1. Statement of the Technical Field
The present invention relates to integrated supply chain management and more particularly to a distribution management system utilizing user-defined space characteristics and staging analysis.
2. Description of the Related Art
As the global economy provides a proliferation of options for businesses to expand into emerging markets, manufacturing success is increasingly defined by how fast you act and how well you react to supply chain volatility. Modern manufacturing facilities are increasingly becoming more complex as customers expect manufacturers to keep prices low while readily accommodating last-minute changes in quantity, product configuration or delivery date.
Modern manufacturing facilities can produce scores of different types of goods from small shelf stocked items to large configure-to-order (CTO) multi-rack enterprise services. In many cases, these products are individual CTO products that are unique to a particular customer. These products have variable sizes, variable time-to-build cycle times, and may exit manufacturing as individual items or in groups. The manufacturing facilities can have multiple production lines producing many different goods that congregate for shipment at various shipping docks. With numerous shipping docks, numerous potential carriers and/or shippers to service each dock, multiple areas that service certain modes of shipping e.g., air vs. ground, and physical space restrictions, the staging and movement of customer shipments to the shipping lanes has become a daunting task.
These factors can combine to create a complex routing scenario for a product once it leaves the manufacturing realm and enters distribution. Current distribution or warehouse management systems do not properly manage the utilization of the dock/ship lanes and finished goods warehouse staging areas to effectively control the staging of items, the consolidation of shipping entities, the application of various staging strategies and the optimization of available space.

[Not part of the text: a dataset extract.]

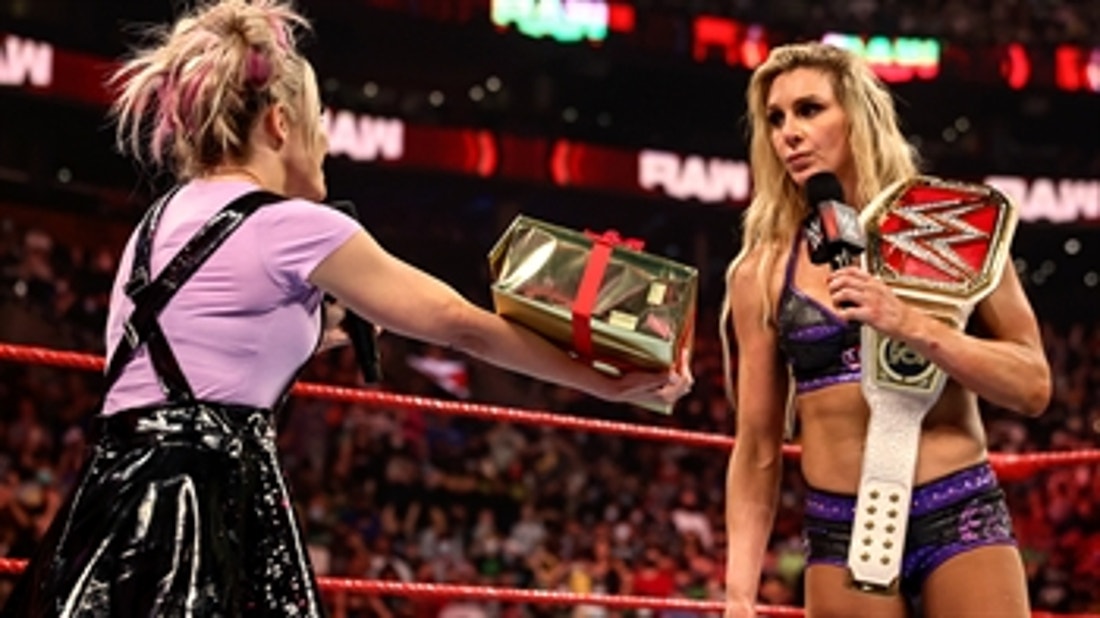 Alexa Bliss gifts Charlotte Flair her very own doll: Raw, Sept. 13, 2021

Current distribution or warehouse management systems generally are intended for use with fixed part numbers with fixed locations for storage and retrieval. These distribution or warehouse management systems are not intended for products variable in size, variable in quantity, and pulled by a customer that does not follow the traditional last in first out (LIFO)/first in first out (FIFO) or part bin management principles. Furthermore, traditional distribution or warehouse management systems lack the ability to model different staging strategies based on the specific characteristics about an order, e.g., the “dock” that a shipment is “intended for”. Additionally, these distribution or warehouse management systems lack the ability to create staging strategies that combine the relationship of physical entities to one another, e.g., placing four different sized CTO items in certain area while placing all ship group boxes for this customer in an adjacent location for ease of customer ship entity management.